● **Exercise aim**:
Write out the entries below exactly, but only from the line containing "Rustikale Wildblume Save" through the line containing "Maçın bitiş düdüğünü", and without the pictures.

● **Provided material**:
• • • • •

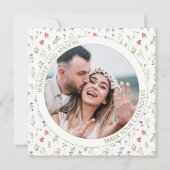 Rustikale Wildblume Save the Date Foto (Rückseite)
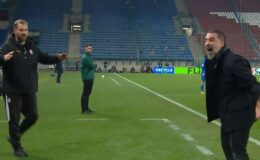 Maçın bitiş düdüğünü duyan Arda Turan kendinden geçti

• • • • •

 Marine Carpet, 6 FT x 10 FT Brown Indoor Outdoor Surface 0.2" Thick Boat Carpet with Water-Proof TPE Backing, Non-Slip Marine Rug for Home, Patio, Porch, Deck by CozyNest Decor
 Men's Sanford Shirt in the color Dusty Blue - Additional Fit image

• • • • •

● **Answer to the problem**:
 Rustikale Wildblume Save the Date Foto (Rückseite)
 Maçın bitiş düdüğünü duyan Arda Turan kendinden geçti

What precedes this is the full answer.